[Extracted data entries]
☆ ☆ ☆ ☆ ☆ ☆ ☆

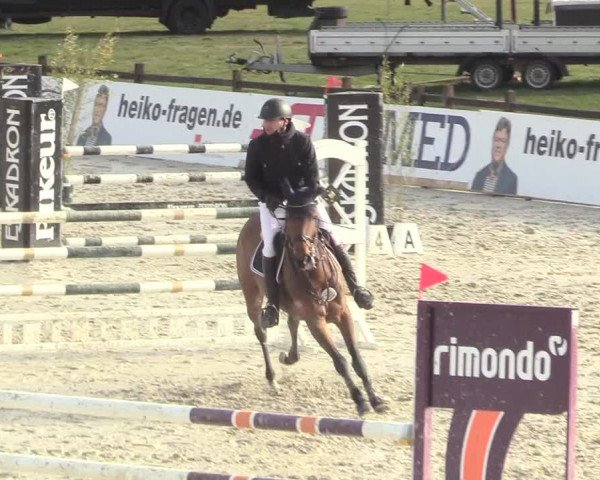 Reitturnier Westergellersen 2021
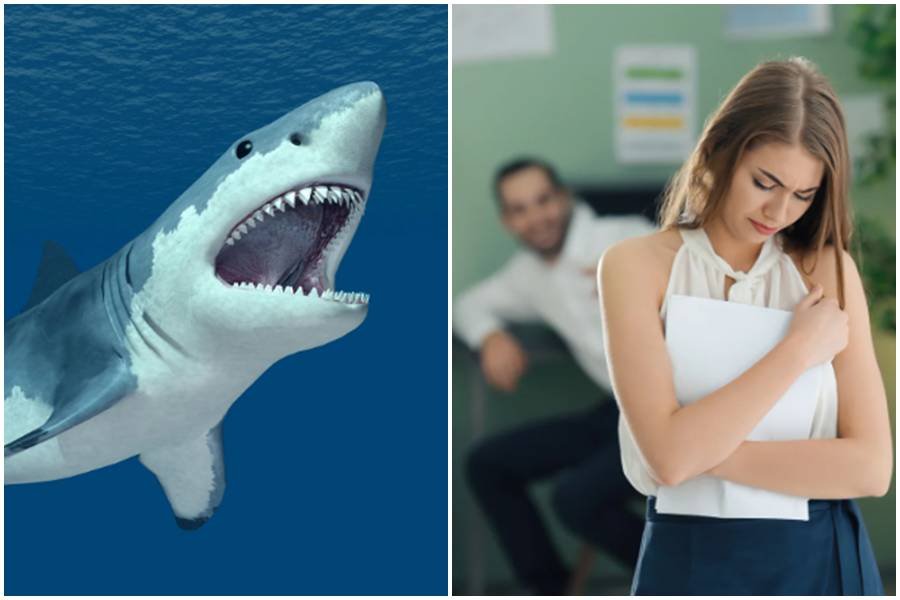 sharks, hunting shark, bullies, harassment, bully coworkers, mean employers, ocean floor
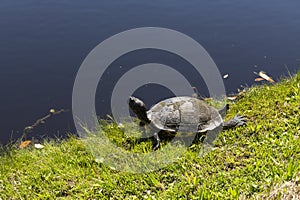 Turtle in Nature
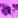 Cocoj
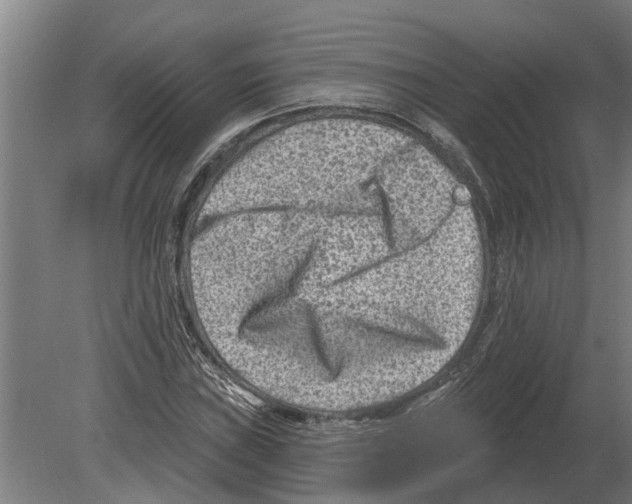 X0000080201019200701051743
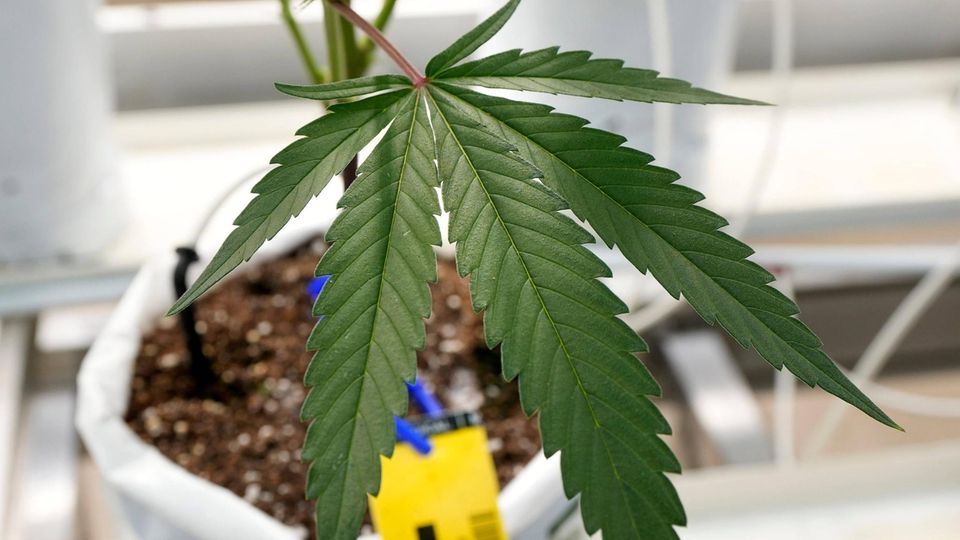 Cannabis Pflanze im Blumentopf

☆ ☆ ☆ ☆ ☆ ☆ ☆

◆ **Exercise directions**: Each line above is to be repeated exactly as written; no picture is carried over.

◆ **Exercise solution**:
 Reitturnier Westergellersen 2021
 sharks, hunting shark, bullies, harassment, bully coworkers, mean employers, ocean floor
 Turtle in Nature
 Cocoj
 X0000080201019200701051743
 Cannabis Pflanze im Blumentopf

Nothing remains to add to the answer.